Understanding Minimax Music

Minimax Music v2 is a commercial-grade music generation model developed by MiniMax. It uses a Mixture-of-Experts architecture with 230 billion parameters, making it one of the largest models purpose-built for music creation. The model separates musical direction from lyrical content through a two-input system designed for lyric-driven composition.

The Two-Input System

Style Prompt (10 to 300 characters)

The style prompt defines the musical direction: genre, mood, instruments, tempo, vocal style, and production qualities. It functions as a creative brief that shapes the overall sound. Example: "Indie folk, melancholic, introspective, longing, acoustic guitar, soft vocals"

Lyrics (10 to 3,000 characters)

The lyrics field provides the vocal content along with structural tags that organize the song into sections. Minimax Music v2 supports 14 structural tags including [Verse], [Chorus], [Bridge], and more. For instrumental tracks, enable the is_instrumental flag.

Key Capabilities

230 billion parameter MoE architecture for high-quality, fully mixed and mastered output
44.1kHz stereo audio with output up to 5 minutes per generation
100+ genres including pop, rock, jazz, classical, electronic, hip hop, R&B, and more
Precise lyrics-to-vocal synchronization with realistic singing voices
14 structural tags for detailed song arrangement control
Voice cloning and instrumental reference audio support
Multiple output formats: MP3, WAV, and PCM

Crafting Style Prompts

The style prompt is your primary tool for shaping the sound of your generation. It must be between 10 and 300 characters. Think of it as a concise creative brief that tells the model what kind of track to produce.

Style Prompt Anatomy

1. Genre and Subgenre

Lead with the genre to establish the musical foundation. Be specific with subgenres when possible. Examples: "dreampop", "melodic techno", "neo-soul", "post-rock"

2. Mood and Atmosphere

Add emotional descriptors that guide the feel. Examples: "melancholic, introspective", "euphoric, anthemic", "dark, brooding", "warm, nostalgic"

3. Key Instruments

Specify instruments you want featured. Examples: "acoustic guitar, piano, soft strings", "808 bass, hi-hats, synth pads"

4. Vocal Direction and Tempo

Guide the vocal style and speed. Examples: "breathy female vocals, 90 BPM", "raspy male vocal, uptempo", "soulful harmonies, slow ballad"

Example: Well-Crafted Style Prompts

"Indie folk, melancholic, introspective, acoustic guitar, soft female vocals, gentle piano, 95 BPM"

Genre + mood + instruments + vocal direction + tempo (87 characters)

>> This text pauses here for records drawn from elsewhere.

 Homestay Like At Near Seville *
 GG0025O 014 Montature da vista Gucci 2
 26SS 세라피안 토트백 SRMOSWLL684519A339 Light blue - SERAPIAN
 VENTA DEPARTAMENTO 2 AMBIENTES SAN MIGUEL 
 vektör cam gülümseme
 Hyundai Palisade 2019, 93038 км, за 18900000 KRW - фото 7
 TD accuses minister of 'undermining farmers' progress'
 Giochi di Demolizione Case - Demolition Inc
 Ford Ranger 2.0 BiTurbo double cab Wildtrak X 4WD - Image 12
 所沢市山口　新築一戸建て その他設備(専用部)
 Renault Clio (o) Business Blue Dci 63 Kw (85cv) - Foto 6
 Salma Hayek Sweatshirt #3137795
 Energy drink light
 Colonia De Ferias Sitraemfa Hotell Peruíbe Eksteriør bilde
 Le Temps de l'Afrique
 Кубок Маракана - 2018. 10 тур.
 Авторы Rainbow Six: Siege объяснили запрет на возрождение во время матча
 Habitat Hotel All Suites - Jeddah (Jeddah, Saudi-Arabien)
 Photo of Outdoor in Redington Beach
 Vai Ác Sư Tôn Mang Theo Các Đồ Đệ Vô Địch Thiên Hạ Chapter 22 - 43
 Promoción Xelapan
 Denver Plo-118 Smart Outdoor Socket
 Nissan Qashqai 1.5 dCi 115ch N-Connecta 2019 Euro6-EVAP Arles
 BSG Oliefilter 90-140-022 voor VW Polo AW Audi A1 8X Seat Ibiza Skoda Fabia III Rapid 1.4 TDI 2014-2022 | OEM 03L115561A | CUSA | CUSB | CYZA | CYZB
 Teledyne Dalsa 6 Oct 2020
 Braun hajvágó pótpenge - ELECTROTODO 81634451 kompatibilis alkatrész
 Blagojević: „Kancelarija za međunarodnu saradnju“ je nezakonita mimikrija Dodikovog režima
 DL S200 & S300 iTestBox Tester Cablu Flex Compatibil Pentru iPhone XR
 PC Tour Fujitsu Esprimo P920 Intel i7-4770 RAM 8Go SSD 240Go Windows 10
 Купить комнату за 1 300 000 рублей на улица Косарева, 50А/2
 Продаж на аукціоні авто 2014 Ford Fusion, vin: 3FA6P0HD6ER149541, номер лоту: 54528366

"Cinematic orchestral, epic, sweeping strings, brass fanfare, timpani, heroic, slow build"

Genre + mood + instruments + dynamic direction (89 characters)

"Lo-fi hip hop, chill, jazzy chords, vinyl crackle, mellow Rhodes piano, 80 BPM"

Genre + mood + instruments + tempo (79 characters)

Tips for Better Style Prompts

Be specific. "Dark melodic techno, pulsing bassline, atmospheric pads" works better than just "electronic music."
Stay within the 300-character limit. Focus on the most important descriptors rather than listing everything.
Avoid contradictory descriptors. Combining "aggressive" with "gentle" or "ambient" with "thrash metal" will produce inconsistent results.
Include vocal direction when generating songs. Describing the vocal quality (breathy, powerful, raspy) helps the model match your vision.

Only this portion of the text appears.